(Work item)
Give back exactly the lines that start at the one containing "Hristo Stoichkov Icon 87 OVR" and run to the end of the material, leaving out the pictures.

=== Begin Enclosure ===

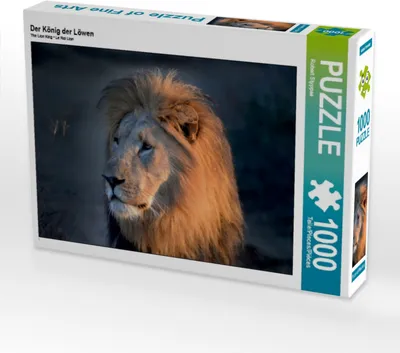 Produktbild von CALVENDO Puzzle Der König der Löwen | 1000 Teile Lege-Größe 64x48cm Foto-Puzzle für glückliche Stunden
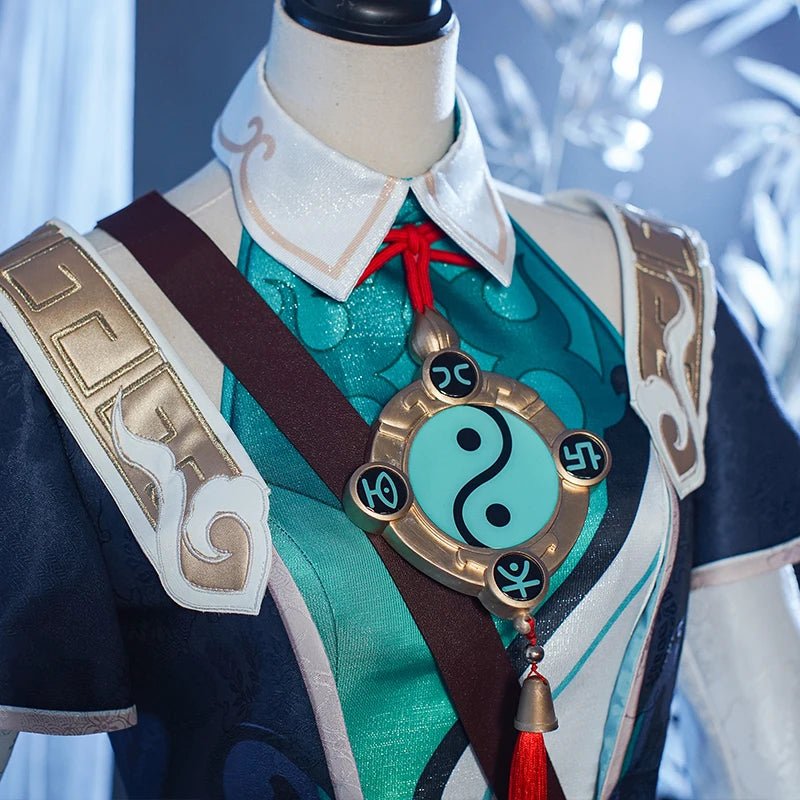 Costume Cosplay Huohuo de Honkai Star Rail - Robe de Fille Foxian de la Xianzhou Luofu pour Halloween, Carnaval et Fêtes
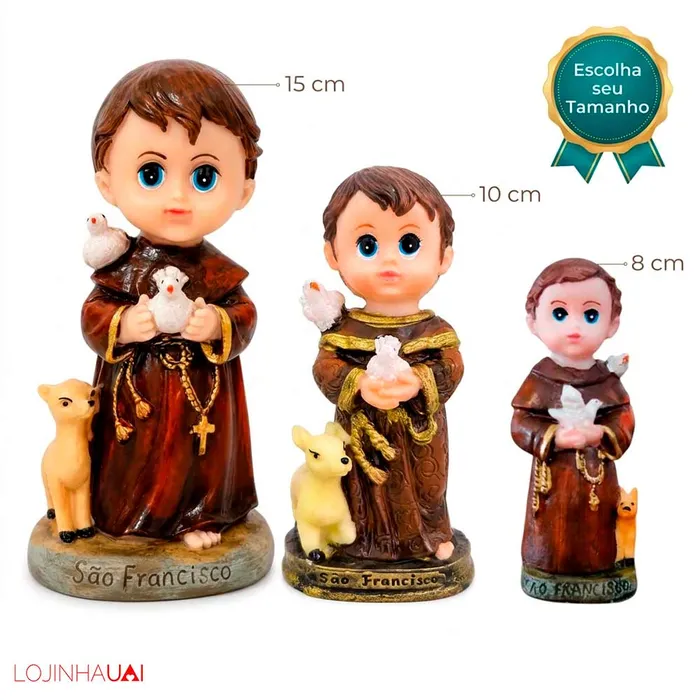 Imagem de São Francisco de Assis Infantil de Resina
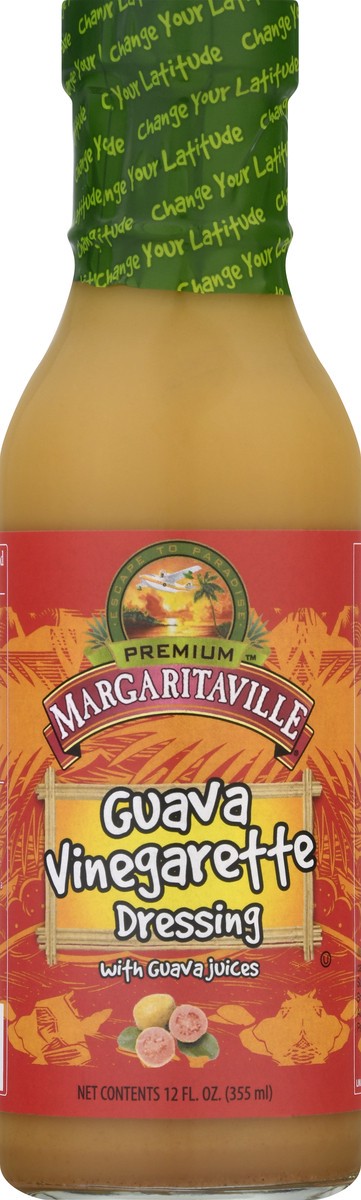 slide 9 of 10, Margaritaville Brewing Co. Dressing Guava Vinaigrette, 12 fl oz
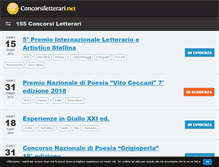 Tablet Screenshot of concorsiletterari.net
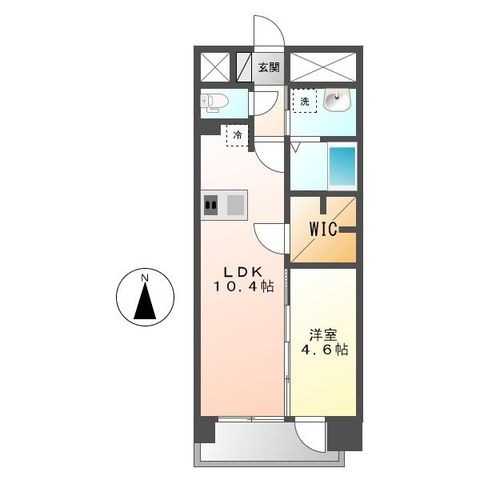 拡大写真:プレサンス久屋大通セントラルパーク 2階205の間取り
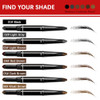 Maksure Browcharm Microblading Eyebrow Pencil 0.1Mm Ultra Fine Tip 3 In 1 Waterproof Eyebrow Pencil With Eyebrow Powder And Eyebrow Brush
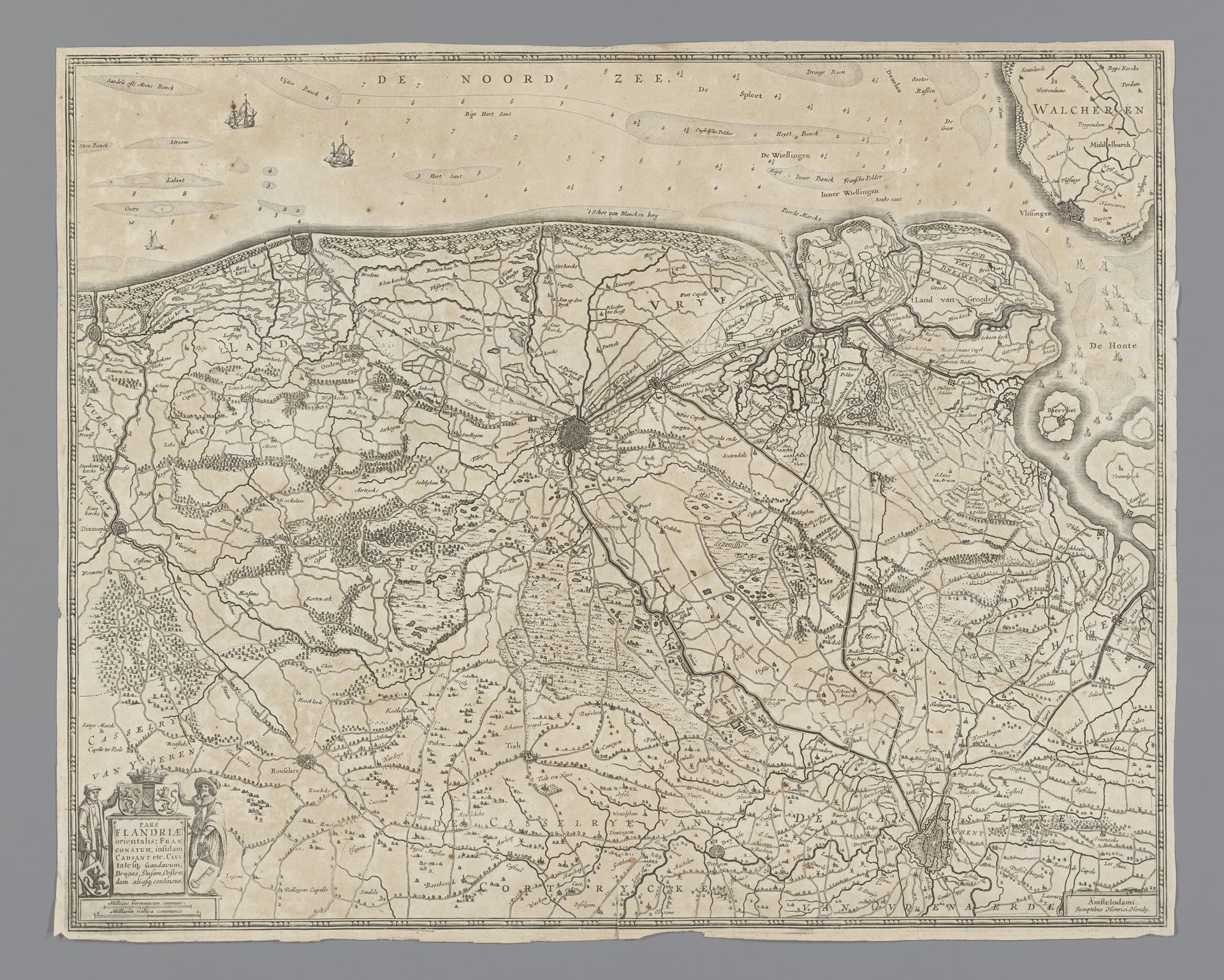 Kaart van het Brugse Vrije by Anonymous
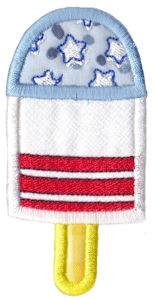 Patriotic Popsicle Applique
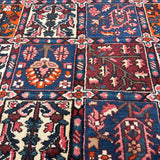 Vintage Shalamzar Bakhtiari Wool Rug. Original rug photograph; SKU EE 1.1551; source IMG_7336.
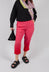 Dip Dyed Geisha Pants in Laser Pink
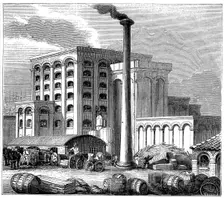 Sugar refinery, Southampton, England, which opened in 1851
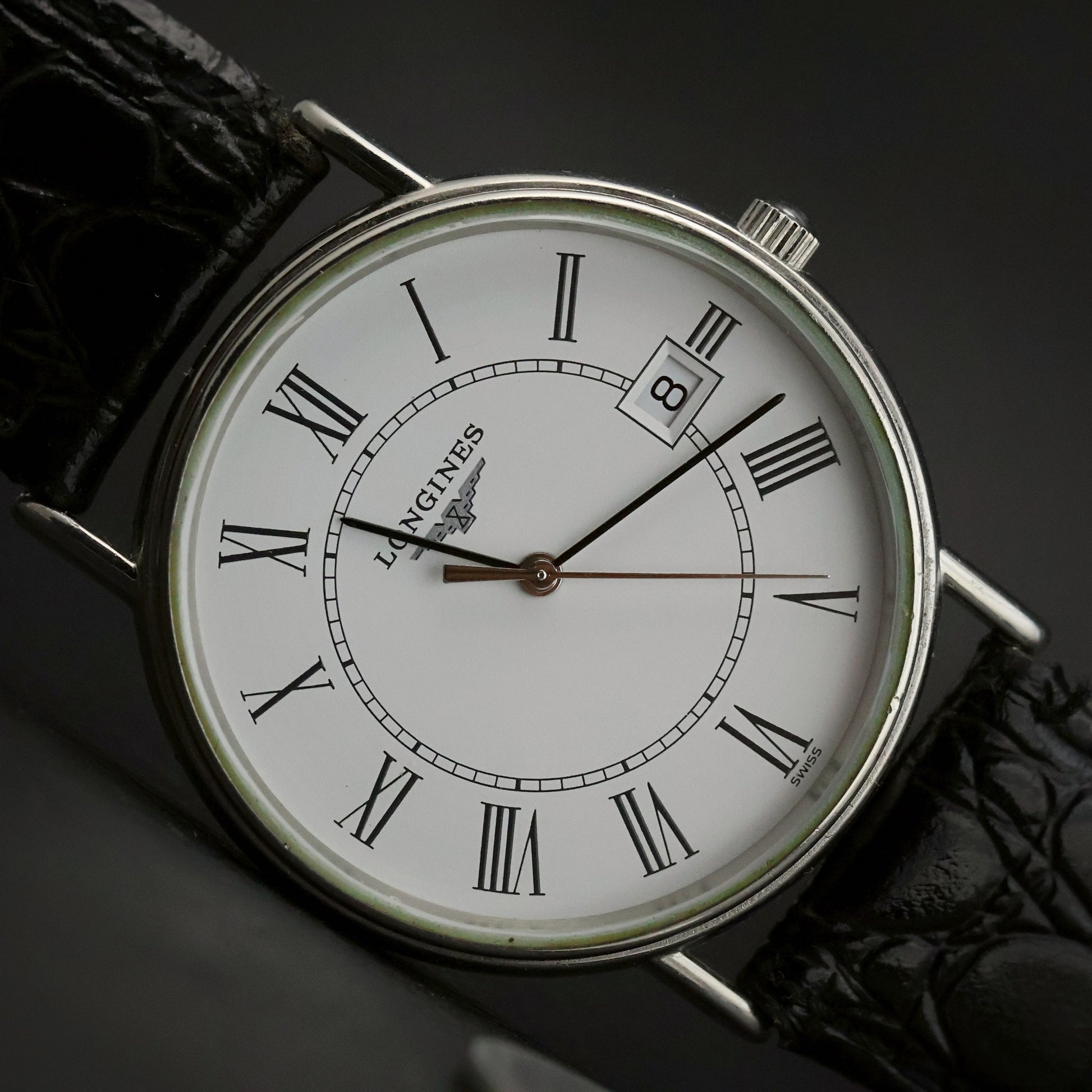 Longines Presence | White Roman Dial | Stainless Steel | Date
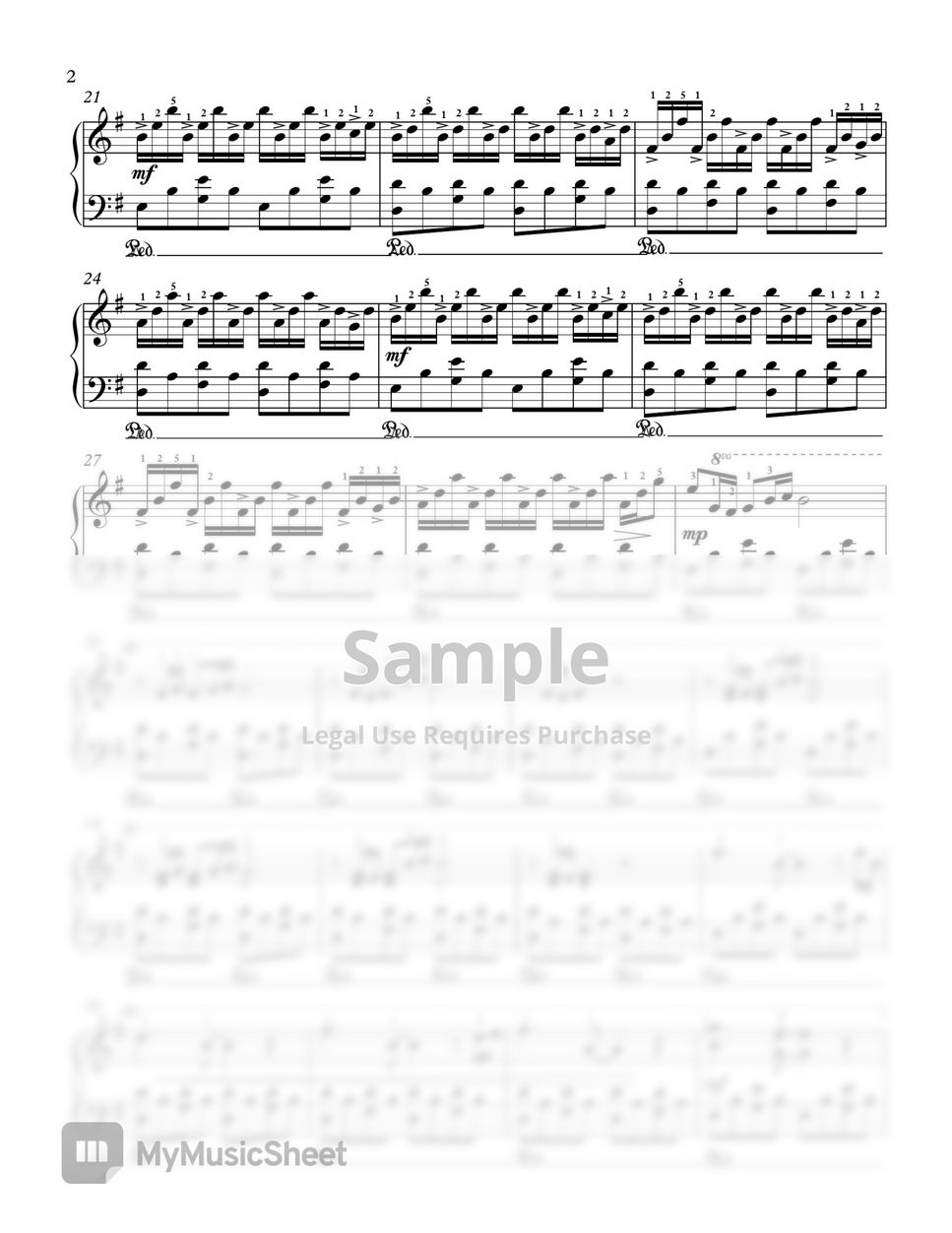 Yann Tiersen - Comptine d'un autre été by Adelina Piano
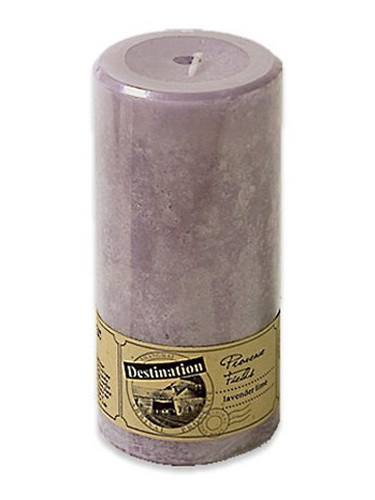Ароматизирана свещ багажник "lavender lime" 15cm  (3 τεμάχια)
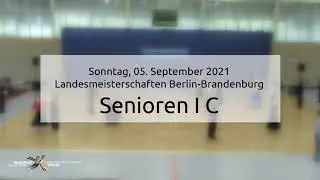 Landesmeisterschaften Berlin/Brandenburg Senioren I C Standard - 05.09.2021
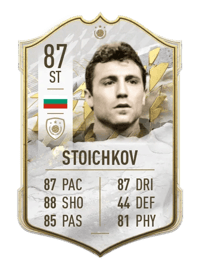 Hristo Stoichkov Icon 87 OVR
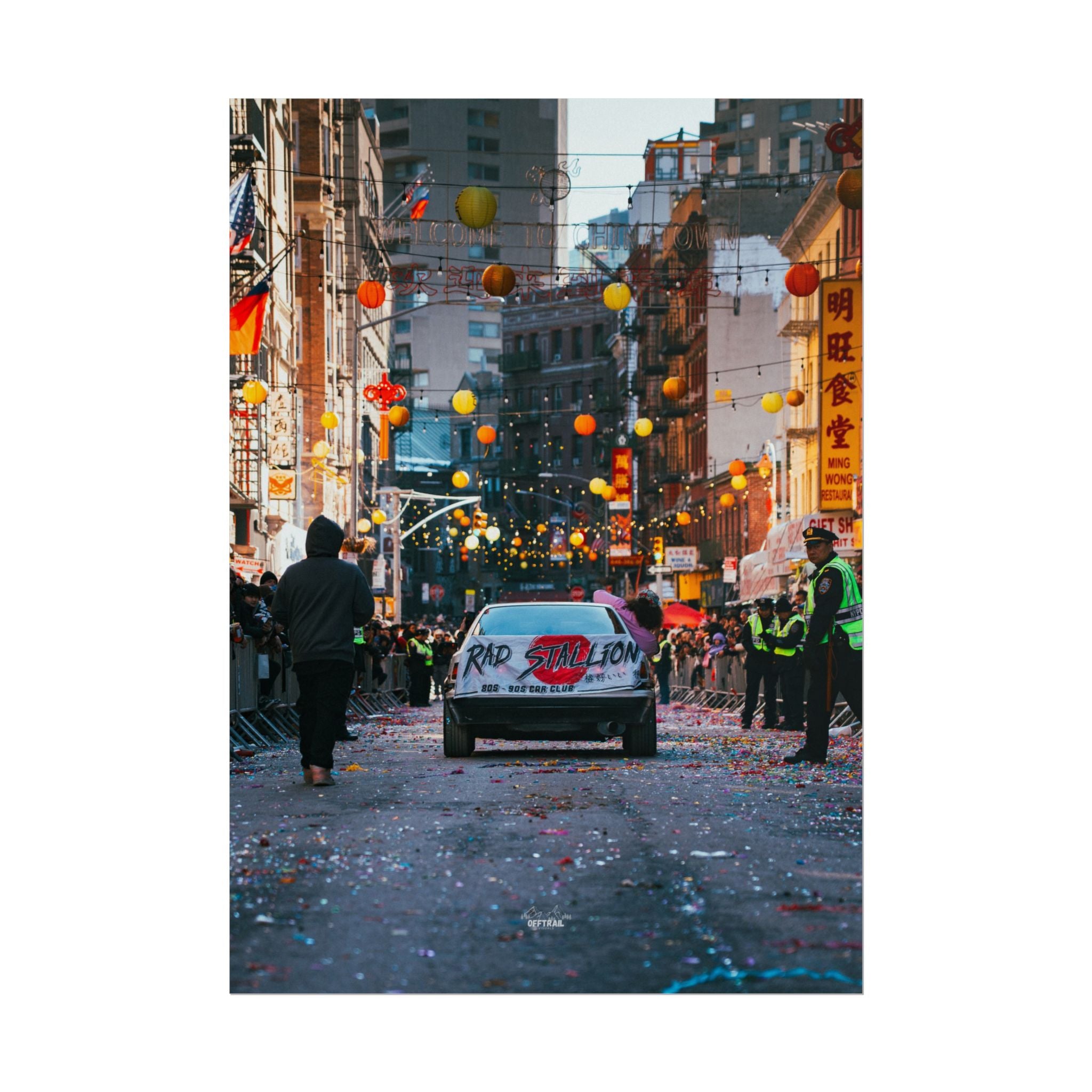 2026 Chinatown Parade - Rad Stallions - Rolled Print
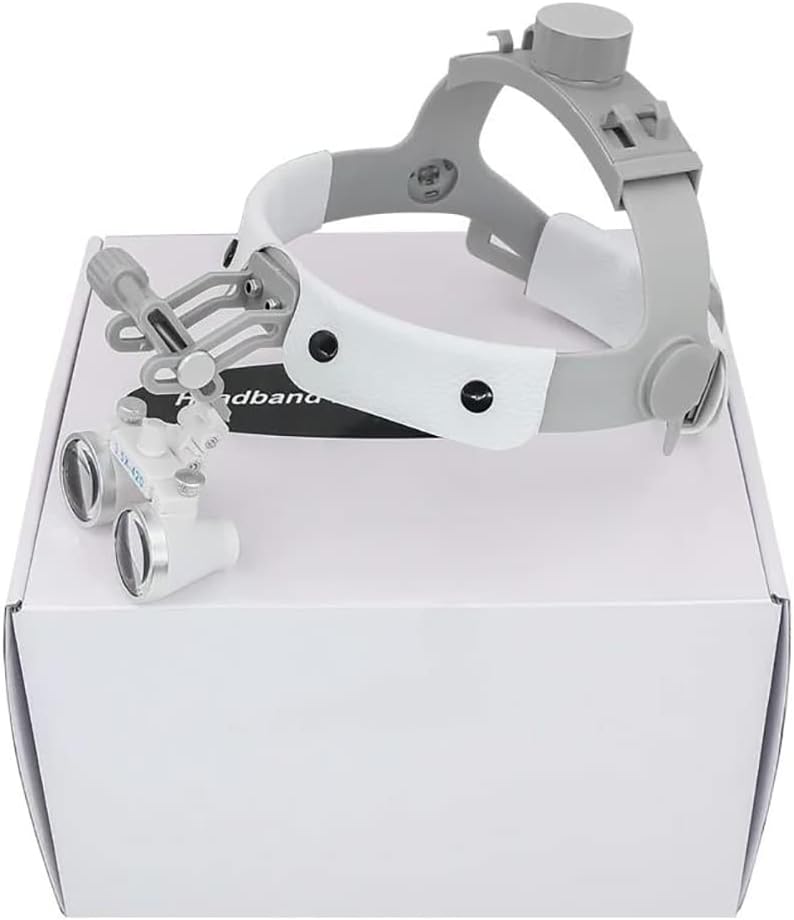 Dental Surgical Loupes, 3.5X Optical Binocular Magnifier, Optical Lens, Large Field of View, Long Depth of Field, High Resolution, for Dental, Ent, General Surgery, Black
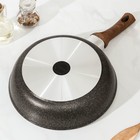 Сковорода KUKMARA Granit Ultra original, d=26 см, пластиковая ручка, антипригарное покрытие, алюминий, чёрная - Фото 3
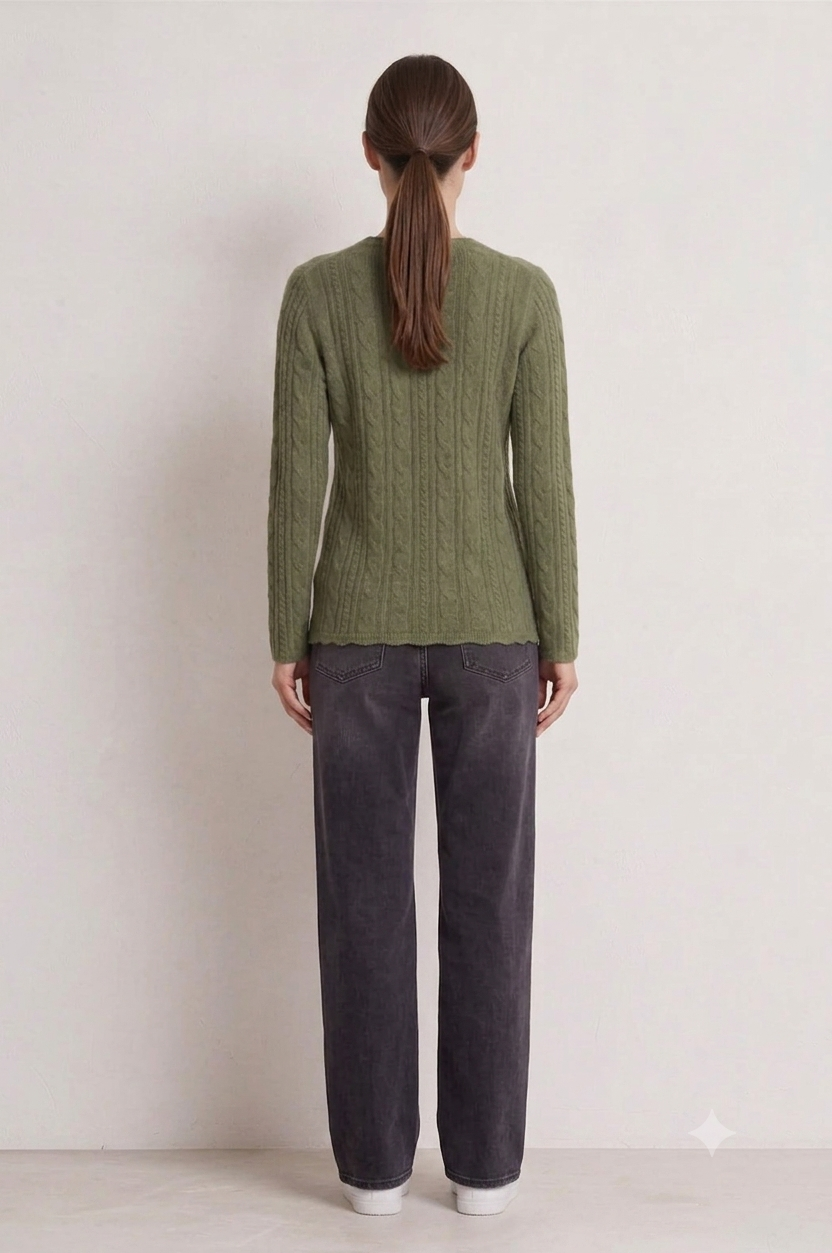 Cable Knit Long Sleeve Top £8.95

=== End Enclosure ===

(Written reply)
 Hristo Stoichkov Icon 87 OVR
 2026 Chinatown Parade - Rad Stallions - Rolled Print
 Dental Surgical Loupes, 3.5X Optical Binocular Magnifier, Optical Lens, Large Field of View, Long Depth of Field, High Resolution, for Dental, Ent, General Surgery, Black
 Сковорода KUKMARA Granit Ultra original, d=26 см, пластиковая ручка, антипригарное покрытие, алюминий, чёрная - Фото 3
 Cable Knit Long Sleeve Top £8.95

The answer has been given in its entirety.